Exercise goal — Print every record exactly, omitting all pictures.

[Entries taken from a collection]
□ □ □ □ □ □ □

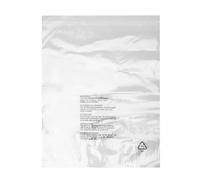 Realm Clear Transparent Plastic Self Seal Garment Clothing Retail Bags With Safety Warning Various Sizes Various Pack Sizes (10 inch x 12 inch Pack of 100)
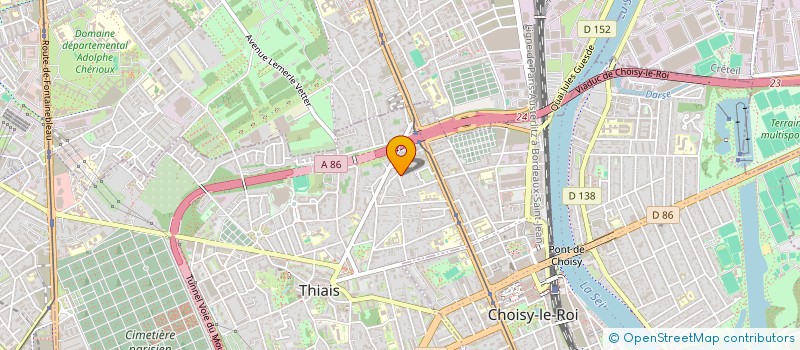 localisation de l'entreprise MONSIEUR OMAR ZEGHOUANE  VITRY-SUR-SEINE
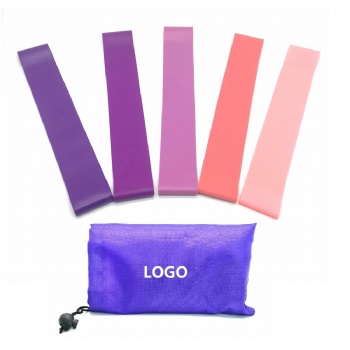 2019 new fitness products custom printed purple fitness resistance loop band / violet elastic resistance band / pink resistance band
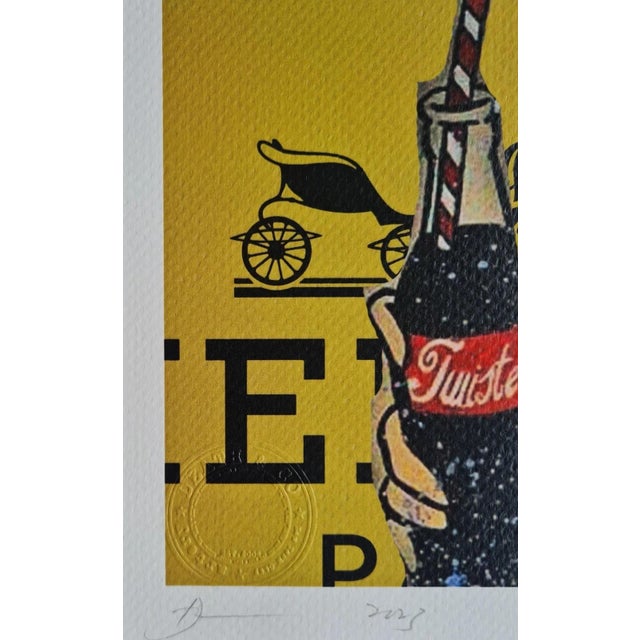 Paper Death Nyc - Nighthawks - Limited Edition With Certificate For Sale - Image 7 of 10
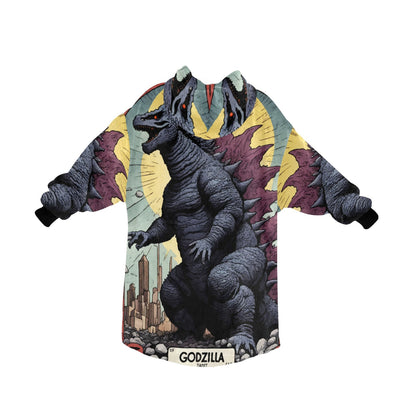 Kids Blanket Hoodie Godzilla Gojira Kaiju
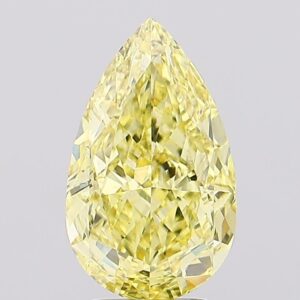 4.11 carat,  colour, VS2 clarity, Pear shape, Lab Grown Diamond.
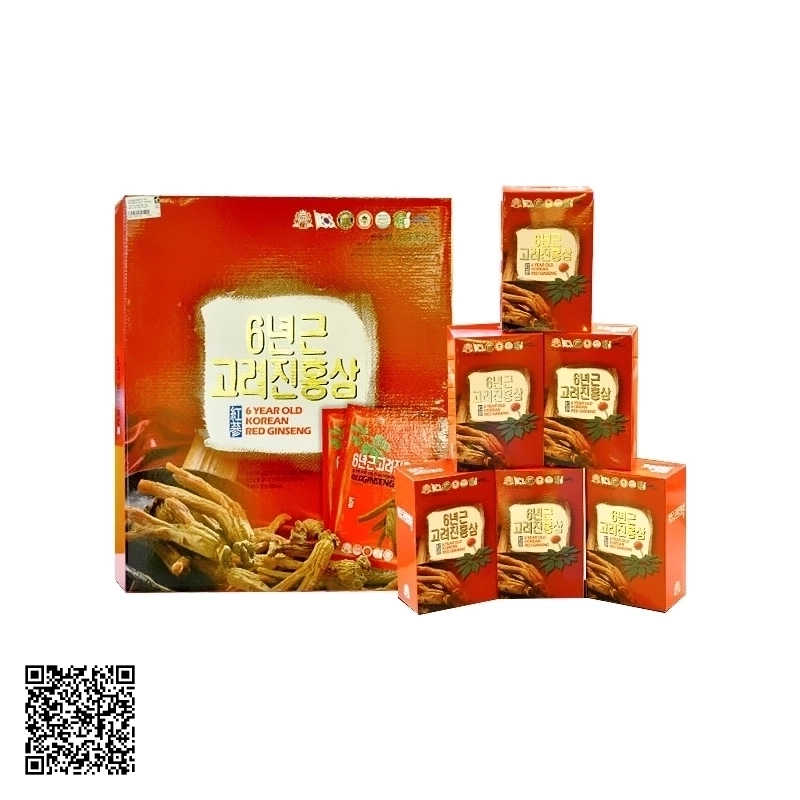 Nước Hồng Sâm Taewoong Food Korean Red Ginseng Từ Hàn Quốc 30 Gói
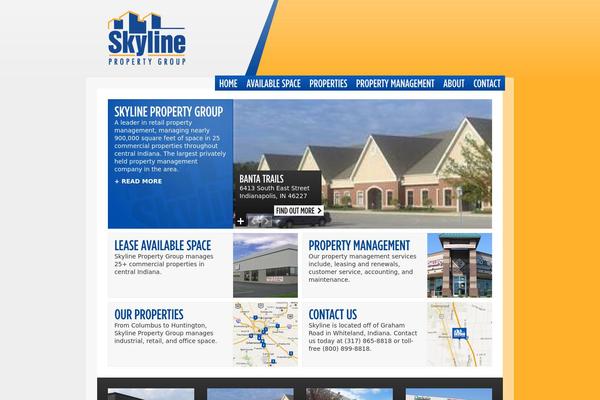 Skyline theme site design template sample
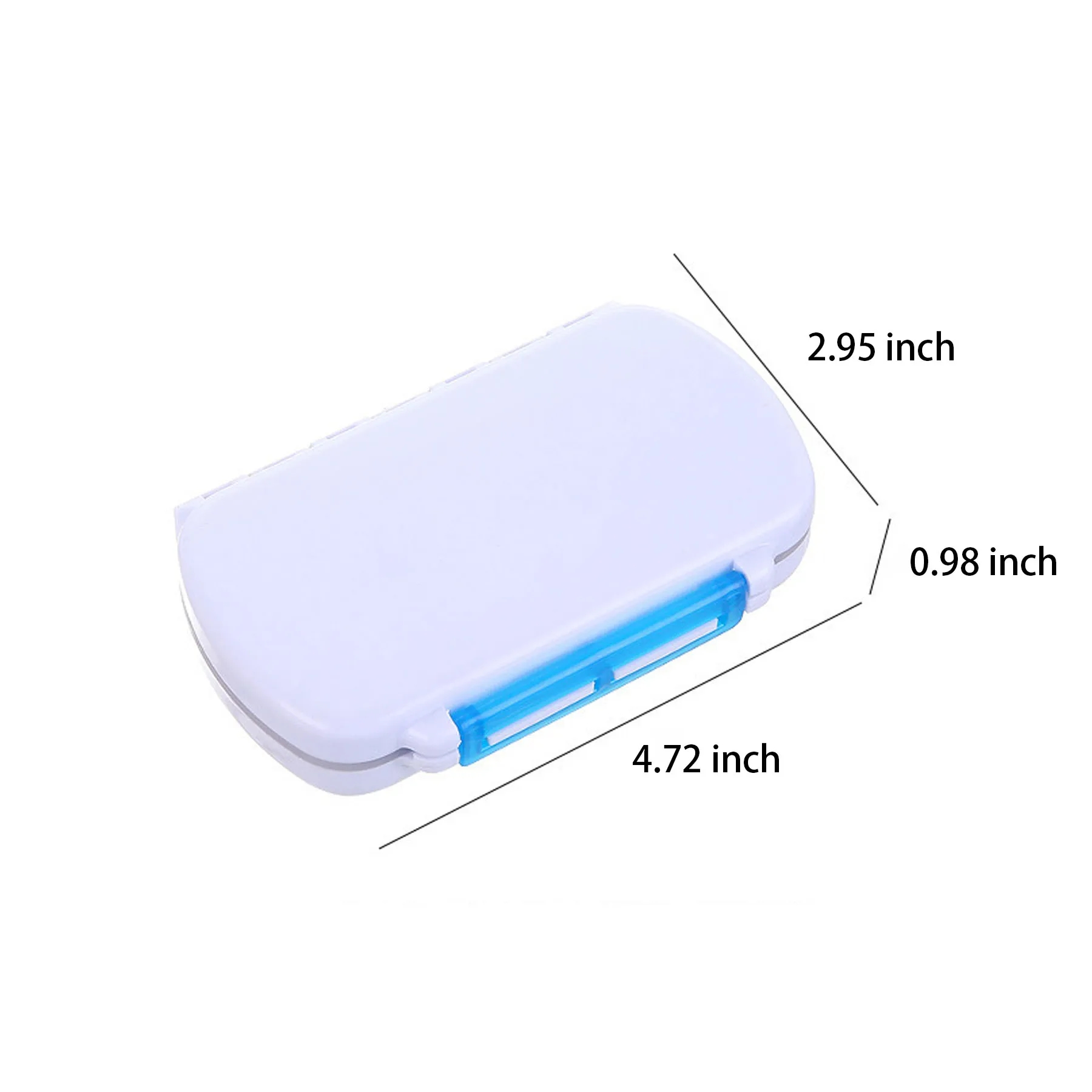 Portable Pill Box With Independent Compartments 2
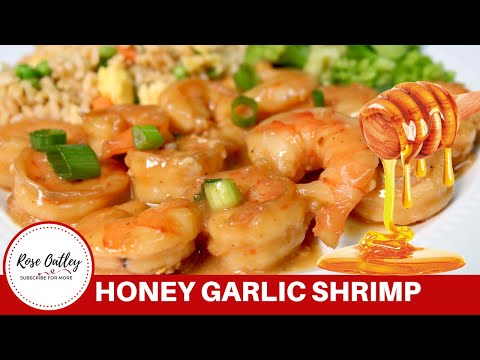 Honey Garlic Shrimp | Healthy Honey Garlic Shrimp Recipe | Easy Garlic Shrimp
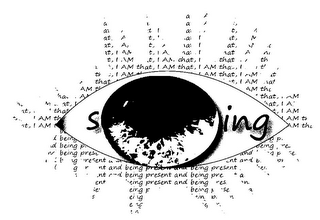 SEEING I AM THAT BEING PRESENT AND BEING PRESENT logo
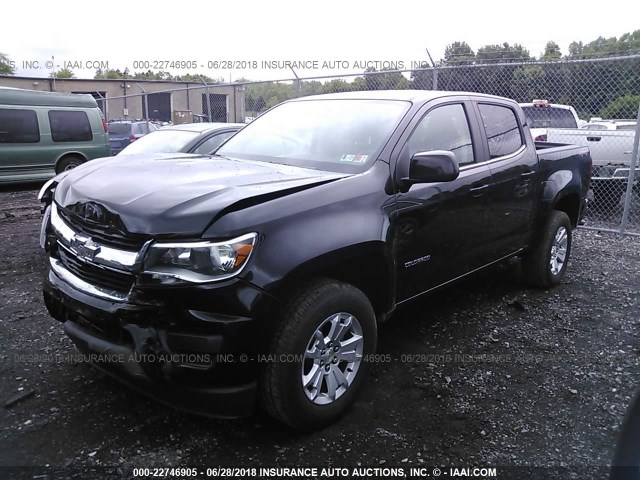 1GCGTCEN1J1262133 - 2018 CHEVROLET COLORADO LT BLACK photo 2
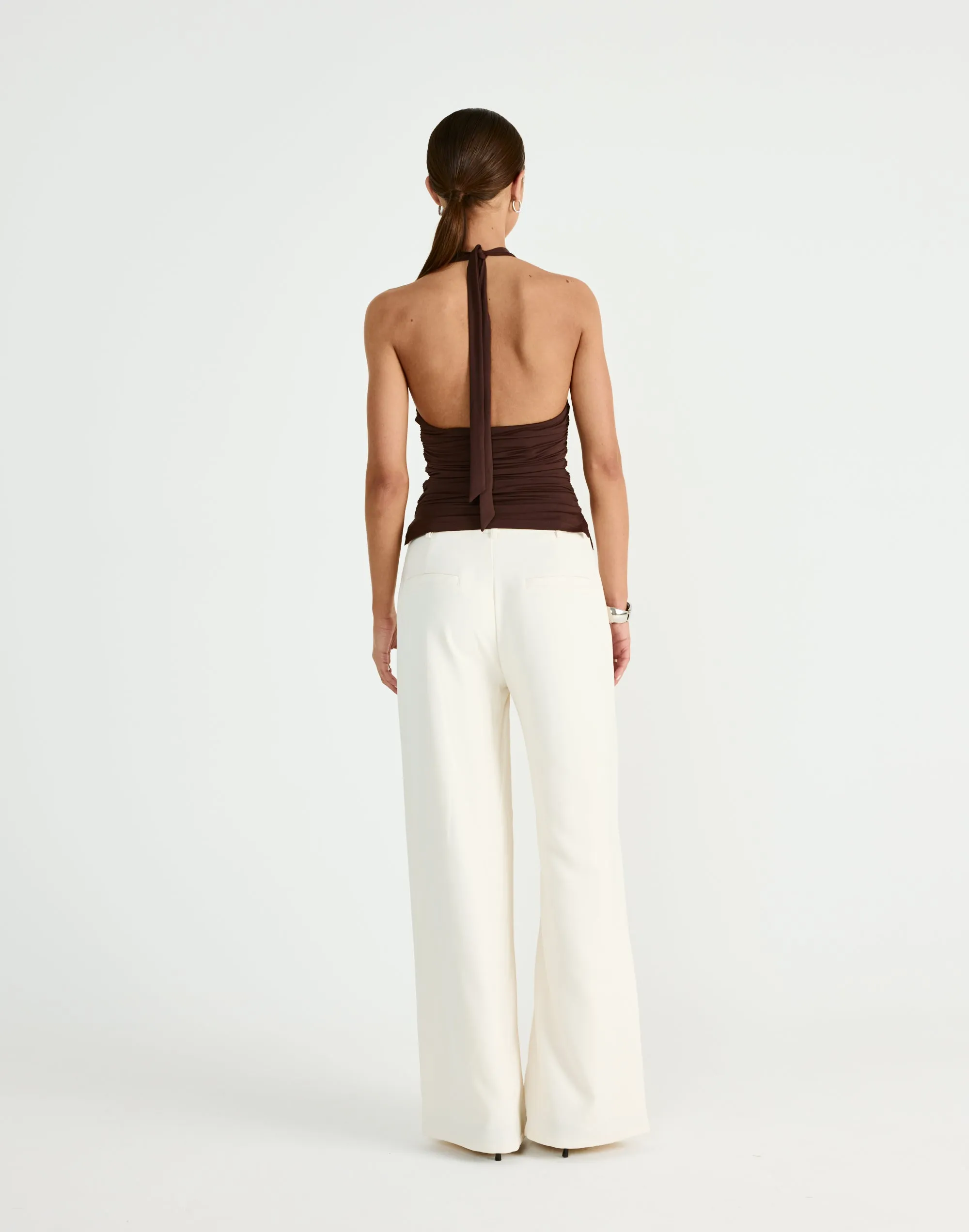 Callista Top (Chocolate) sold by Charcoal Clothing product image thumbnail 2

□ □ □ □ □ □ □

Response area —
 Realm Clear Transparent Plastic Self Seal Garment Clothing Retail Bags With Safety Warning Various Sizes Various Pack Sizes (10 inch x 12 inch Pack of 100)
 localisation de l'entreprise MONSIEUR OMAR ZEGHOUANE  VITRY-SUR-SEINE
 2019 new fitness products custom printed purple fitness resistance loop band / violet elastic resistance band / pink resistance band
 Paper Death Nyc - Nighthawks - Limited Edition With Certificate For Sale - Image 7 of 10
 Kids Blanket Hoodie Godzilla Gojira Kaiju
 4.11 carat,  colour, VS2 clarity, Pear shape, Lab Grown Diamond.
 Nước Hồng Sâm Taewoong Food Korean Red Ginseng Từ Hàn Quốc 30 Gói
 Skyline theme site design template sample
 Portable Pill Box With Independent Compartments 2
 Honey Garlic Shrimp | Healthy Honey Garlic Shrimp Recipe | Easy Garlic Shrimp
 SEEING I AM THAT BEING PRESENT AND BEING PRESENT logo
 1GCGTCEN1J1262133 - 2018 CHEVROLET COLORADO LT BLACK photo 2
 Callista Top (Chocolate) sold by Charcoal Clothing product image thumbnail 2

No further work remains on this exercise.